Further afield, in Canada "the Fetus and Newborn Committee of the Canadian Paediatric Society posted "Neonatal circumcision revisited" in 1996 and "Circumcision: Information for Parents" in November 2004. The 1996 position statement says that "circumcision of newborns should not be routinely performed" and the 2004 information to parents says: 'Circumcision is a "non-therapeutic" procedure, which means it is not medically necessary. Parents who decide to circumcise their newborns often do so for religious, social, or cultural reasons. [...] After reviewing the scientific evidence for and against circumcision, the CPS does not recommend routine circumcision for newborn boys. Many paediatricians no longer perform circumcisions.

The British Medical Association provides "that “male circumcision is generally assumed to be lawful provided that it is performed competently; it is believed to be in the child’s best interests; and there is valid consent” from both parents and the child, if possible." The BMS stipulates that “competent children may decide for themselves; the wishes that children express must be taken into account; if parents disagree, non-therapeutic circumcision must not be carried out without the leave of a court; consent should be confirmed in writing."

As far as we are aware virtually all of the 100,000 Tongan and Samoan males in New Zealand are circumcised.

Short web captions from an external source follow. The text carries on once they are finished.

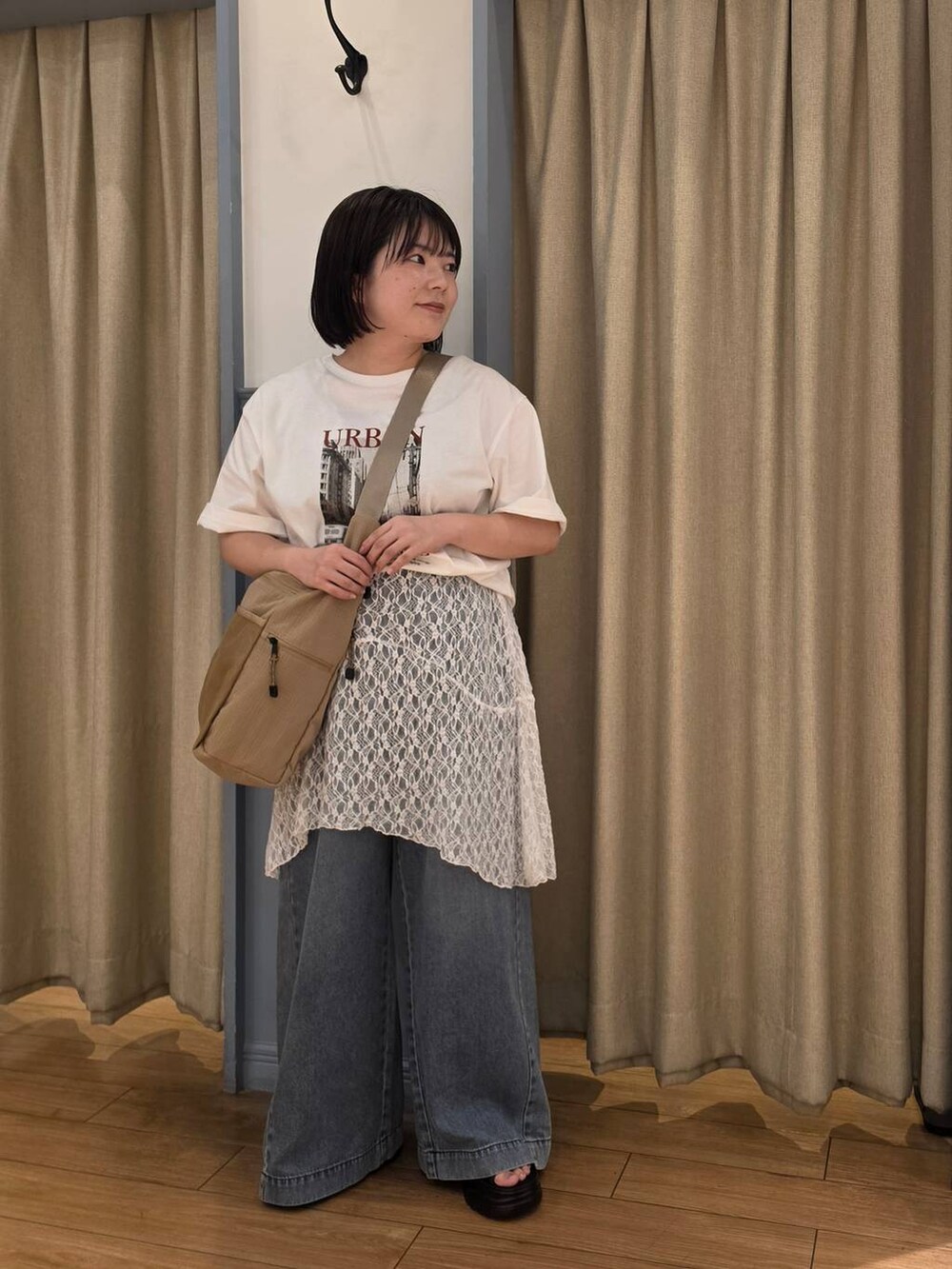 ベージュ系のショルダーバッグ、ホワイト系のスカート、ブルー系のデニムパンツを着用したレディースの夏コーディネートの2枚目の写真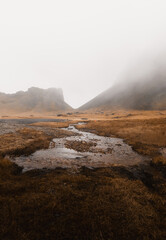 Serene stream flows through a misty valley in iceland, surrounded by majestic mountains. The tranquil atmosphere is enhanced by foggy weather, creating a calm scenery with brown and gray tones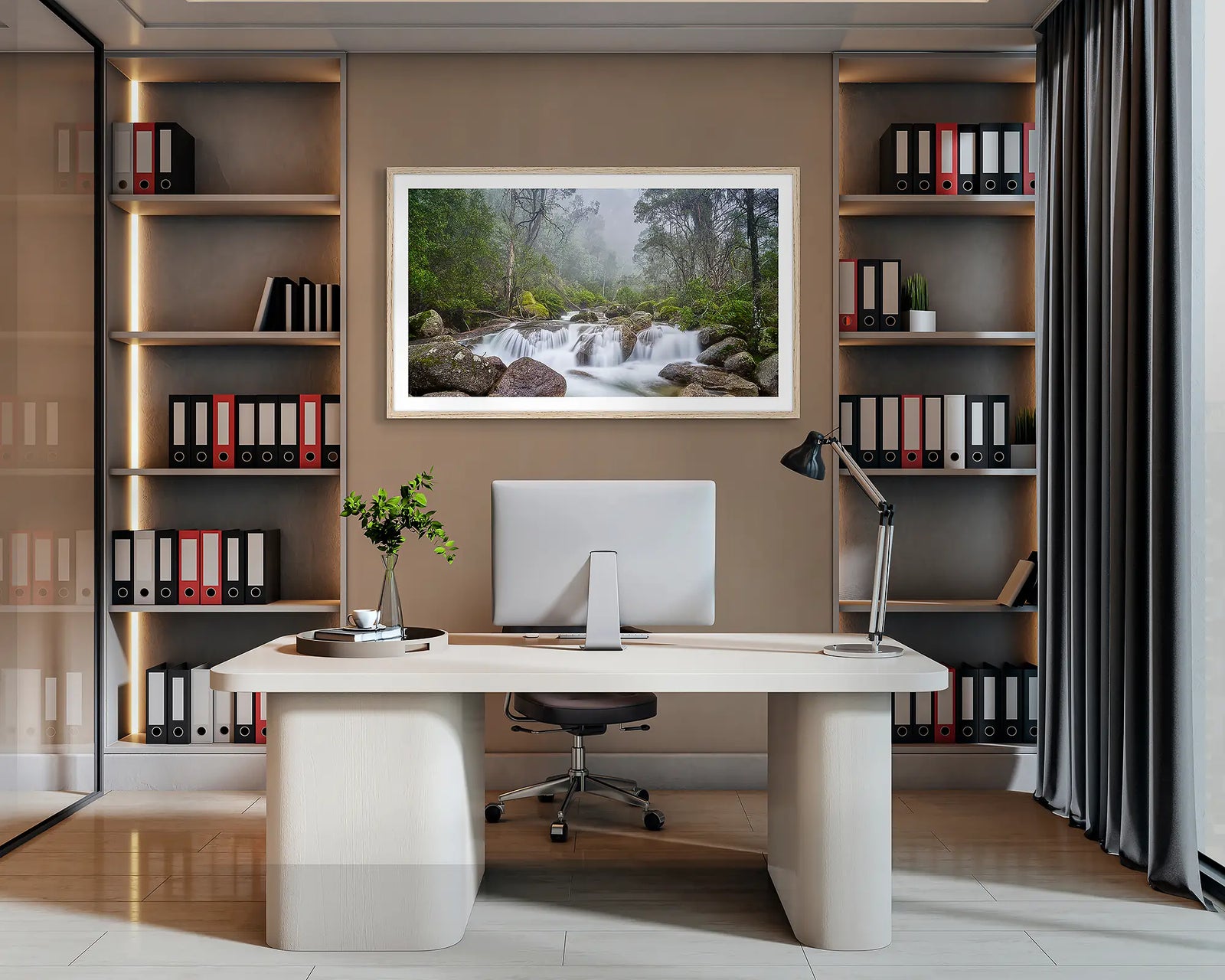 Buffalo Cascade. Wall art print of Eurobin Creek, Mount Buffalo, with a Tasmanian Oak frame, hanging behind a desk in a corporate office. 
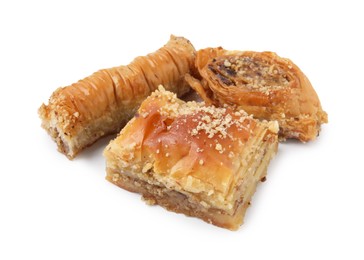 Photo of Eastern sweets. Pieces of tasty baklava isolated on white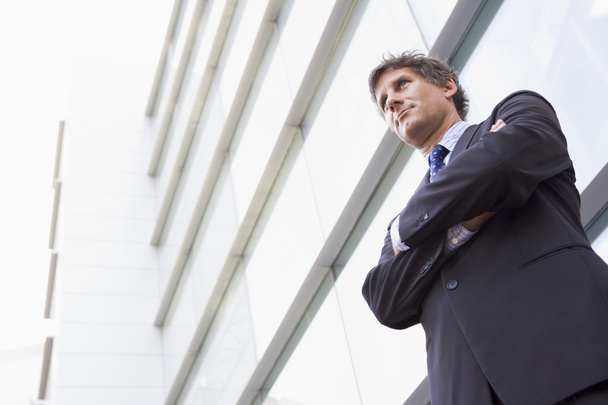 Businessman standing outdoors by building - Photo, Image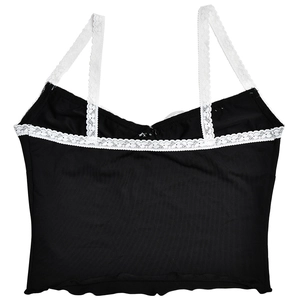 Detail of black camisole crop top featuring delicate white lace trim and straps on white backdrop
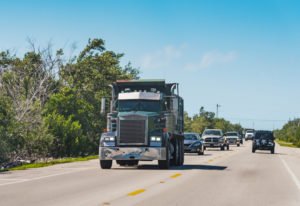 A construction truck driving on a Florida highway.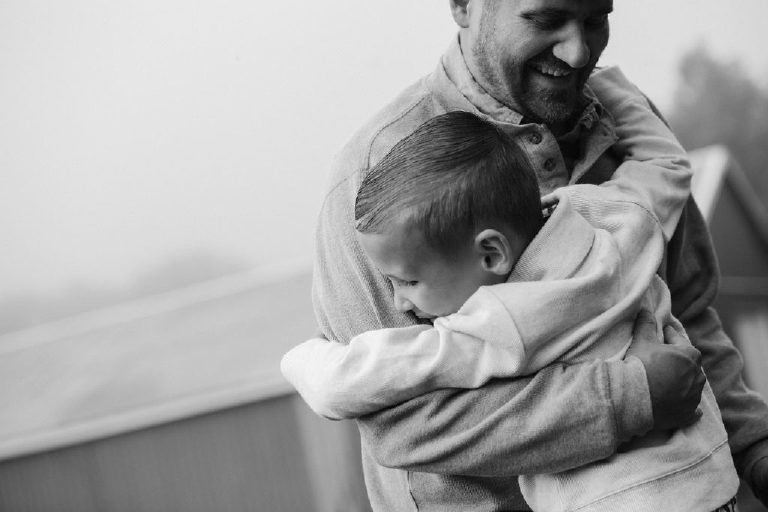 father hugging little boy son for family portrait by New Hope photographer Kasey Ivan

The procedure is not routinely available through the public health system so children are operated on in private surgeries and health clinics, at a cost of around $400. It is considered to be a “a solemn ritual” and an important male rite of passage carried out between the ages of seven and 15 years. “Being circumcised is sign of manliness and sexual prowess. Not to be circumcised can bring shame on a man and his partner and family.” source. It should be noted that it does not seem to be a 'religious' practice for many people and that it was being carried out in the Pacific Islands before the arrival of Europeans.